Stored dataset items:
[Start of section]

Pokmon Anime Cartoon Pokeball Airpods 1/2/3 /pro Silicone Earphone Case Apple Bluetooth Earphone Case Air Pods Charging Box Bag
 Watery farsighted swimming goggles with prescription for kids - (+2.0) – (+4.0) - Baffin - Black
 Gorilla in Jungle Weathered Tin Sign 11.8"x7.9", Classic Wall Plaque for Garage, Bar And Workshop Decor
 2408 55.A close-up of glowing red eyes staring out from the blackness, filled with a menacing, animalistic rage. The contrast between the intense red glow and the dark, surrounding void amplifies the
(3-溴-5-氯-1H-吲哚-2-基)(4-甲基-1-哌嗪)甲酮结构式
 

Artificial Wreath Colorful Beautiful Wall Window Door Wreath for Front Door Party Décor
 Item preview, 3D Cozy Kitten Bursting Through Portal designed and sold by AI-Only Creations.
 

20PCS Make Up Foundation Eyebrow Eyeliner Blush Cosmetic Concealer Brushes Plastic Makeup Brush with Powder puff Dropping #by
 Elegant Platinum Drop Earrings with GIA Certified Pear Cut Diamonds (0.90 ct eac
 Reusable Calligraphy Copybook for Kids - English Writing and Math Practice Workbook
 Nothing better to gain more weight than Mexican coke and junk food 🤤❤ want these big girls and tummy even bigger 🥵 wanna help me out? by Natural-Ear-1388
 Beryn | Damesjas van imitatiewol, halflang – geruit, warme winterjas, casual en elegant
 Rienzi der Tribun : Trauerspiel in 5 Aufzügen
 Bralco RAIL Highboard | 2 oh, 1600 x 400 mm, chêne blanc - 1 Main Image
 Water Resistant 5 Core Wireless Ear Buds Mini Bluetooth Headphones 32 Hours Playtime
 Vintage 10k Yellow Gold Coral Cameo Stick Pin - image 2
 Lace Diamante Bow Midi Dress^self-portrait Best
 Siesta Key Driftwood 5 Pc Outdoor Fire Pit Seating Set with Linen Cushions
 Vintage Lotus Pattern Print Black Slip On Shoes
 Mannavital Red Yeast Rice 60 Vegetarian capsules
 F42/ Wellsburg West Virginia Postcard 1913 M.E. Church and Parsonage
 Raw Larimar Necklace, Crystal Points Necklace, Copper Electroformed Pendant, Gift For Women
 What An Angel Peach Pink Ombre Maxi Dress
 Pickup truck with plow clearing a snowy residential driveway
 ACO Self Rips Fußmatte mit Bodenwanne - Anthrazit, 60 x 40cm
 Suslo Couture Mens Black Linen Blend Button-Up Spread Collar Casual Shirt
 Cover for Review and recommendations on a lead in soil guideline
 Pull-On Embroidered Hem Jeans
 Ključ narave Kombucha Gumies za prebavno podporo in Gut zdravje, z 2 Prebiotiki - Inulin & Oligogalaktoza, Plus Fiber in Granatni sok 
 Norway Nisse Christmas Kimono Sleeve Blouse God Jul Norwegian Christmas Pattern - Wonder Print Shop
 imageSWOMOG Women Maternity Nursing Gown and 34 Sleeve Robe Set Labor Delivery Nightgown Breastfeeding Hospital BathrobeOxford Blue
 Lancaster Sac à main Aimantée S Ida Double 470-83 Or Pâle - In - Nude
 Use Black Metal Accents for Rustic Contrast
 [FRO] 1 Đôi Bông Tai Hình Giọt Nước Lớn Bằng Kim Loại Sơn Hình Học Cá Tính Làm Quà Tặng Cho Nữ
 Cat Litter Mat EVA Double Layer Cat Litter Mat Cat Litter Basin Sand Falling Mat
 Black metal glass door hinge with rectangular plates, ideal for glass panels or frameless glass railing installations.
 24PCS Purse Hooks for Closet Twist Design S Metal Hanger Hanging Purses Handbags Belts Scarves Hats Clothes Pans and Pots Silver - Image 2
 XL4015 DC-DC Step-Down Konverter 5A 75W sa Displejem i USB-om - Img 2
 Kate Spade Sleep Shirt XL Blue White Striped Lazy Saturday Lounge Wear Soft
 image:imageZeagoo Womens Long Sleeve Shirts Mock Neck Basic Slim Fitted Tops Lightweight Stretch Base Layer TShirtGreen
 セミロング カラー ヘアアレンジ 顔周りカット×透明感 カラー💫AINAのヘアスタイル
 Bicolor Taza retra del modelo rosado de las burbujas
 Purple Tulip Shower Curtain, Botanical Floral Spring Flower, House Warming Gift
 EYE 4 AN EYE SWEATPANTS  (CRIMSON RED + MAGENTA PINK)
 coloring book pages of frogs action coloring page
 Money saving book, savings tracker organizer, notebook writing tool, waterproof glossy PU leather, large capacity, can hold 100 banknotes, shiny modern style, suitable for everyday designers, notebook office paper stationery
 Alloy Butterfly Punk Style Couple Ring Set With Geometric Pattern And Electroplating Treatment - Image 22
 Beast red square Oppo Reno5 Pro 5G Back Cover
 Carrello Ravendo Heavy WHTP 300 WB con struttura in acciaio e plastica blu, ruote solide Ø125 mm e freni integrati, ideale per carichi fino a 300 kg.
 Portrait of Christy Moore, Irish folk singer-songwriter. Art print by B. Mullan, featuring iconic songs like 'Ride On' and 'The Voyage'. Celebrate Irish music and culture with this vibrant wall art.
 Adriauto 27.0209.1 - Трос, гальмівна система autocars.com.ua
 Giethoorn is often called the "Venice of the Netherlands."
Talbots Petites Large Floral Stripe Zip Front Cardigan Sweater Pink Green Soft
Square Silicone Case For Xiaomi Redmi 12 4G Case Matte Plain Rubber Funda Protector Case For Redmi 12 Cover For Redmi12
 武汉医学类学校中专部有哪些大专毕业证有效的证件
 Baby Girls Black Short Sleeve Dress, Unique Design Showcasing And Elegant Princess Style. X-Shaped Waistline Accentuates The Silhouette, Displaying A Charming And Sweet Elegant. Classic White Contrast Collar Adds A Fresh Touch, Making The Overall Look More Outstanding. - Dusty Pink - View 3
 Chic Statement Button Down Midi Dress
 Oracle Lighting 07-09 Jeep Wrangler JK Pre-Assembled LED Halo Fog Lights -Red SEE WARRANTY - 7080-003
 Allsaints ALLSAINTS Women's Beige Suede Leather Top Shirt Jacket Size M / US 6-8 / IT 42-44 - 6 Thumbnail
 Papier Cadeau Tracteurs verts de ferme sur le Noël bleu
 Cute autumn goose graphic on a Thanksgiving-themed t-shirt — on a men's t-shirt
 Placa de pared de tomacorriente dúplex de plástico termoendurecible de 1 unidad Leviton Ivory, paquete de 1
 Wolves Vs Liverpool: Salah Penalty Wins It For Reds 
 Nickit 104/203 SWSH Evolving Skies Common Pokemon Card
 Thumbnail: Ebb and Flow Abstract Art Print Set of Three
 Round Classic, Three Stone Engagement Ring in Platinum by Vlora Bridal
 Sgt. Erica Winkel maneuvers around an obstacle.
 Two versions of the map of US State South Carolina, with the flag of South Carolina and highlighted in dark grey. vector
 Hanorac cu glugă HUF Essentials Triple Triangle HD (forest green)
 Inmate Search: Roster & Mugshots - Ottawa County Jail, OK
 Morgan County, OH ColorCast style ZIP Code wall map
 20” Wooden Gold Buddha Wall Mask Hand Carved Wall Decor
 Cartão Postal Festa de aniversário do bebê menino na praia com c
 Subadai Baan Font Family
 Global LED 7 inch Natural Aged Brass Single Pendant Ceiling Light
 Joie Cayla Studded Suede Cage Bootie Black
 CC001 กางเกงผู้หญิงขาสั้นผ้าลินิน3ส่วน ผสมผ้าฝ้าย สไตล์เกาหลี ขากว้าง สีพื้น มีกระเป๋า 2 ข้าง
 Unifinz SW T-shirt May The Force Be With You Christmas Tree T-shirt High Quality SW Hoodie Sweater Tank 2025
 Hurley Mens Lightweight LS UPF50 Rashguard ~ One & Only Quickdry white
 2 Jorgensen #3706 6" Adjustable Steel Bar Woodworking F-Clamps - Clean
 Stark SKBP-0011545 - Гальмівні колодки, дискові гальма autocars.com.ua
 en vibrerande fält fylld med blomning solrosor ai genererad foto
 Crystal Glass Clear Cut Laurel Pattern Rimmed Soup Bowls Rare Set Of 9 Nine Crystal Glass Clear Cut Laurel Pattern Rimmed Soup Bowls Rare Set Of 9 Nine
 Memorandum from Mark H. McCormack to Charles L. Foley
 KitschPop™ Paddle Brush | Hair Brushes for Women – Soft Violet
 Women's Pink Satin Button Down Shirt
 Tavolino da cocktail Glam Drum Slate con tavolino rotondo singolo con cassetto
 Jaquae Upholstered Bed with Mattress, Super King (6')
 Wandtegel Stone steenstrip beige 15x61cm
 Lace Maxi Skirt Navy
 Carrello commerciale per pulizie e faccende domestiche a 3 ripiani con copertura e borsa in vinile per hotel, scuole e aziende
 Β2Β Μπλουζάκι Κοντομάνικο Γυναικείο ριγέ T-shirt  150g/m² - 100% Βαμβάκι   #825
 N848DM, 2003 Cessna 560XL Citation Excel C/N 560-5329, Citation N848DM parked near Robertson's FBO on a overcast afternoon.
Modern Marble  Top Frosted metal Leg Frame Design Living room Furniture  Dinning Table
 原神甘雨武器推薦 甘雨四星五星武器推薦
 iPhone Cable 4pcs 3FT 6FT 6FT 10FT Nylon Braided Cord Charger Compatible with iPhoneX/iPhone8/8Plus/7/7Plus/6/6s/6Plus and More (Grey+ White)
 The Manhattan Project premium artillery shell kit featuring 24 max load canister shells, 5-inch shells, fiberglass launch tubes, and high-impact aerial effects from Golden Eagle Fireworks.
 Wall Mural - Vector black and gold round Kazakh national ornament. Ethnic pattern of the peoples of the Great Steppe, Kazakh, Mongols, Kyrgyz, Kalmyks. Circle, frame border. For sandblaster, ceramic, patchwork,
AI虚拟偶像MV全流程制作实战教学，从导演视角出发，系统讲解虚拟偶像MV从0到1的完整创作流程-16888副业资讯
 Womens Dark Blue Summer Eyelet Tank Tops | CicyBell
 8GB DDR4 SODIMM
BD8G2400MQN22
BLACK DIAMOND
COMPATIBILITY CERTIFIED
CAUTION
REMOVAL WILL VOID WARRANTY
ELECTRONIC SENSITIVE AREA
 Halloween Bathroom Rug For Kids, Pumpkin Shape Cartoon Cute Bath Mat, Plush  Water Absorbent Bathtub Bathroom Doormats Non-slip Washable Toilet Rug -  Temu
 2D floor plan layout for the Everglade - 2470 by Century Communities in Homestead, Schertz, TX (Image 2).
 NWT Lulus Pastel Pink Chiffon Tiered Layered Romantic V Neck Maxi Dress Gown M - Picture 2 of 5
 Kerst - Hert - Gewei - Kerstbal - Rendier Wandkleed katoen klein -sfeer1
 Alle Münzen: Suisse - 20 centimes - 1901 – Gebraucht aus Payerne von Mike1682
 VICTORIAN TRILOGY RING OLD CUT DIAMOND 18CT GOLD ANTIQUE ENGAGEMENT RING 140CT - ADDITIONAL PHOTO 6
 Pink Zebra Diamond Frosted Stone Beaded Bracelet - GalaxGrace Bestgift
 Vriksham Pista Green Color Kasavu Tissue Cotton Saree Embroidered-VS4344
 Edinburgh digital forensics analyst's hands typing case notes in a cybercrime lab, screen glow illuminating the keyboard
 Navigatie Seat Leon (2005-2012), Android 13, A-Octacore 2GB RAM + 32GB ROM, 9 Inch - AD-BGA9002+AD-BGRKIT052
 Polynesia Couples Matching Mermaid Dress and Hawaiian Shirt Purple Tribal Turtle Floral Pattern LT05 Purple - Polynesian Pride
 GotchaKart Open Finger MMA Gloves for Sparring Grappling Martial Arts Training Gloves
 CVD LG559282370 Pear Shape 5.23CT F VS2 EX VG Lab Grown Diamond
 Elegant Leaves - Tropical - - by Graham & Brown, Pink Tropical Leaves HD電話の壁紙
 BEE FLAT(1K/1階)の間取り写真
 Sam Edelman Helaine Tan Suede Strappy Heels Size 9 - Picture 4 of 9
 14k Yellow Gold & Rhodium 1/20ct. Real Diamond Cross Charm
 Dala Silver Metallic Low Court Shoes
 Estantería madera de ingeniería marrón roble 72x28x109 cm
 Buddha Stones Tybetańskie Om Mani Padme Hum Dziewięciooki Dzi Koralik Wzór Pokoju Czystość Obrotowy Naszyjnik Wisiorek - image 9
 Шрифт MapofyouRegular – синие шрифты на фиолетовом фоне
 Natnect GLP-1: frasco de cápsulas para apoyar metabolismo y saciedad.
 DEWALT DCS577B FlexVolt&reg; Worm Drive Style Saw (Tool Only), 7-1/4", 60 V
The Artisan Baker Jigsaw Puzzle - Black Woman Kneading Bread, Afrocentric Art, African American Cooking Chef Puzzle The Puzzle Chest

[End of section]

### PROBLEM TO SOLVE:
Each line from the top of the entries above through the line containing "What An Angel Peach Pink Ombre Maxi Dress" must be transcribed exactly, and no other line may appear.

### FINISHED EXERCISE:
Pokmon Anime Cartoon Pokeball Airpods 1/2/3 /pro Silicone Earphone Case Apple Bluetooth Earphone Case Air Pods Charging Box Bag
 Watery farsighted swimming goggles with prescription for kids - (+2.0) – (+4.0) - Baffin - Black
 Gorilla in Jungle Weathered Tin Sign 11.8"x7.9", Classic Wall Plaque for Garage, Bar And Workshop Decor
 2408 55.A close-up of glowing red eyes staring out from the blackness, filled with a menacing, animalistic rage. The contrast between the intense red glow and the dark, surrounding void amplifies the
(3-溴-5-氯-1H-吲哚-2-基)(4-甲基-1-哌嗪)甲酮结构式
 

Artificial Wreath Colorful Beautiful Wall Window Door Wreath for Front Door Party Décor
 Item preview, 3D Cozy Kitten Bursting Through Portal designed and sold by AI-Only Creations.
 

20PCS Make Up Foundation Eyebrow Eyeliner Blush Cosmetic Concealer Brushes Plastic Makeup Brush with Powder puff Dropping #by
 Elegant Platinum Drop Earrings with GIA Certified Pear Cut Diamonds (0.90 ct eac
 Reusable Calligraphy Copybook for Kids - English Writing and Math Practice Workbook
 Nothing better to gain more weight than Mexican coke and junk food 🤤❤ want these big girls and tummy even bigger 🥵 wanna help me out? by Natural-Ear-1388
 Beryn | Damesjas van imitatiewol, halflang – geruit, warme winterjas, casual en elegant
 Rienzi der Tribun : Trauerspiel in 5 Aufzügen
 Bralco RAIL Highboard | 2 oh, 1600 x 400 mm, chêne blanc - 1 Main Image
 Water Resistant 5 Core Wireless Ear Buds Mini Bluetooth Headphones 32 Hours Playtime
 Vintage 10k Yellow Gold Coral Cameo Stick Pin - image 2
 Lace Diamante Bow Midi Dress^self-portrait Best
 Siesta Key Driftwood 5 Pc Outdoor Fire Pit Seating Set with Linen Cushions
 Vintage Lotus Pattern Print Black Slip On Shoes
 Mannavital Red Yeast Rice 60 Vegetarian capsules
 F42/ Wellsburg West Virginia Postcard 1913 M.E. Church and Parsonage
 Raw Larimar Necklace, Crystal Points Necklace, Copper Electroformed Pendant, Gift For Women
 What An Angel Peach Pink Ombre Maxi Dress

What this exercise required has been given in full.